1 Whole Chicken (with the neck & giblets removed)
Squeeze butter / mustard / another sticky agent to help the rub stick
1 can of your preferred beer (we used Coors Banquet Beer)
Some nifty stands to keep everything upright so you don’t have any spillage
Let's get started! We've got two disposable roasting pans, our chickens (we're cooking 4 of them), and all of our ingredients within arm's reach. It is suggested you wear single-use gloves (nitrile, not latex or powdered ones) while handling raw chicken. Food safety is always important, but especially with poultry, we're taking a few extra steps to avoid cross-contamination. So, even with our gloves on, we're keeping one hand clean, so we can use it to pick up the cutlery and various ingredients.
So, after unpacking the birds, drain out any liquids, and place them in a roasting pan. Give them a good rub with your binding agent of choice (squeeze butter and mustard work great), making sure to cover all outside surfaces. Then season them generously with your rub of choice - one coat of Dirty Bird, followed by a lighter layer of SPG did the trick for us. Again, try to get the rub into the nooks and crannies of the chicken.

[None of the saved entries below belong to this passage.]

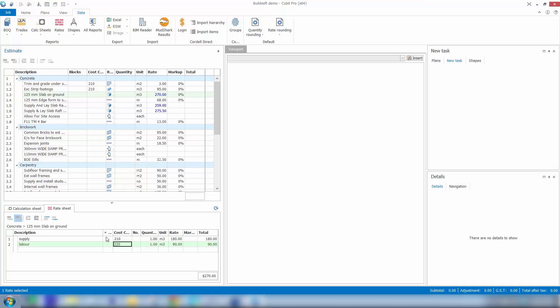You can continue to go through the entire estimate and code at the item sheet level, the sheet level, or the block level down in the calc sheet. Then we can go back and do a job analysis or a sort on this information.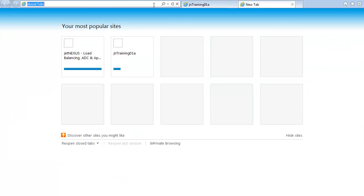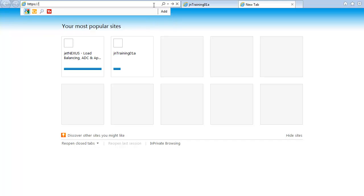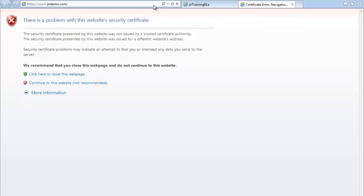To check this out, we're going to input HTTPS www.jndemo.com. We will see an error, but this is because it's a self-signed certificate.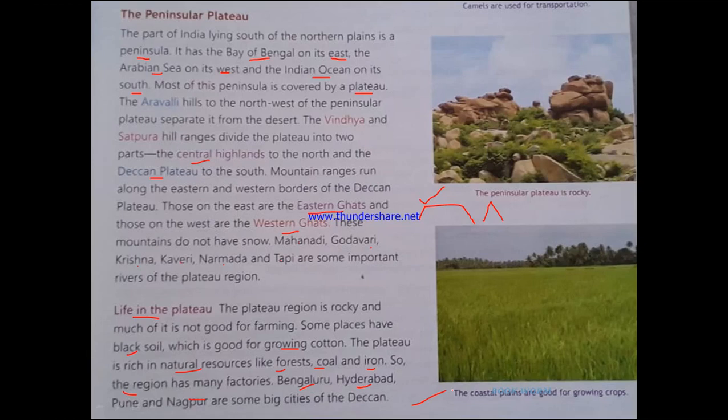We have a total of six physical landforms, and up till now we have covered four. The two remaining will be discussed in the next videos. That's all for today — thank you and bye-bye.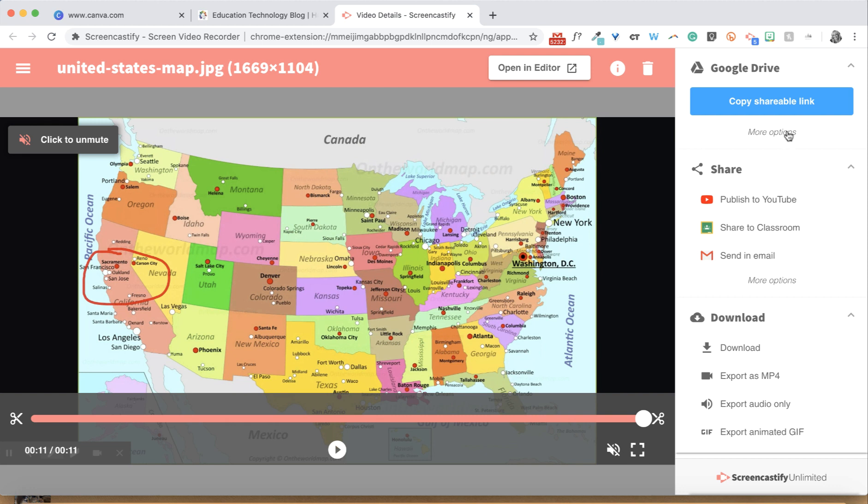The Shareable Link is automatically set to unlisted, meaning that anyone who has the link can view your video. However, it isn't searchable.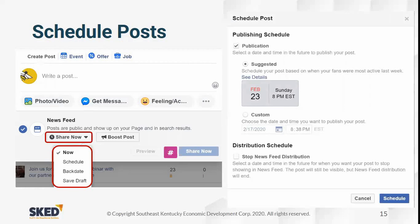You can also backdate a post. Backdating would be helpful, for example, if you were showing when your business opened — you could post 'we are now open' and backdate it to the actual opening day in the past. You can also create a distribution schedule where it stops news feed distribution. If you're running an event or offer that's only valid for 24 or 48 hours, you can set it to stop news feed distribution so it no longer appears in people's news feed after that time, though the post remains visible on your page.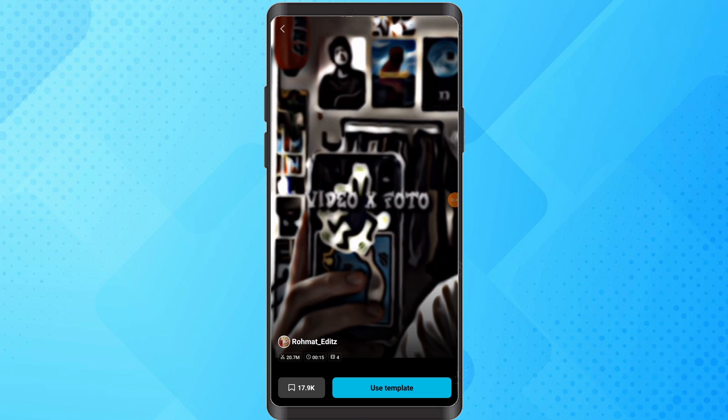Preview the template and press Use template in the bottom right. Select the video you want to use. Preview the template and confirm.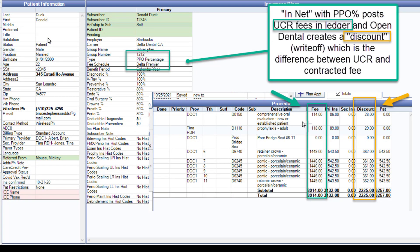This is the last example, and it's really the most difficult. In this case, we changed the type of insurance plan to PPO percentage and kept our Delta fee schedule because we're in network with Delta. Open Dental has posted our UCR fees in the patient's ledger, but it's created a discount — which they call a write-off — which is the difference between your UCR fee and your contracted fee. This is what makes the accounting more difficult for staff, and particularly when you have to go back and look at old charges and old accounts, this really turns into a nightmare.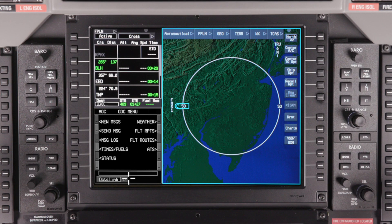To log on to an ATC center, access the Datalink window and select PMCPDLC from the Datalink network menu.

Now, depending on the chicken stands you use, they could either have room to pour some of the beer in or to shimmy the can itself into the stand. The OG redneck way of doing this is putting the open beer can directly into the chicken's cavity (hence the name "bird can chicken"), but balancing it on the smoker might be tricky for larger birds.
Time to get smoking! Fire up your smoker, aiming for cooking at around 300ºF (149ºC). Once the cooker's good to go, place the drunken chickens over indirect heat, and let the smoke do its magic.
Now, once the beer can chicken has been cooking for about 1 hour, it's time to start monitoring its internal temperature for doneness. Use an instant-read digital thermometer to check in both the thigh and the breast. The chicken should be cooked to at least 165ºF (74ºC) to be safe.
Since the thigh is not as thick as the breast, it's going to be the last spot to hit the target temp - when that happens, pull the chickens off the heat.
Put the chicken in a clean roasting pan, and rest under a foil tent for at least 10-15 minutes. You can cut it, or our personal favorite: glove up, and pull the chicken like pulled pork! Then hit it with some of the rub used on the chicken previously, and then serve!
Enjoy the juiciest, tenderest smoked beer can chicken you have ever had the pleasure of eating!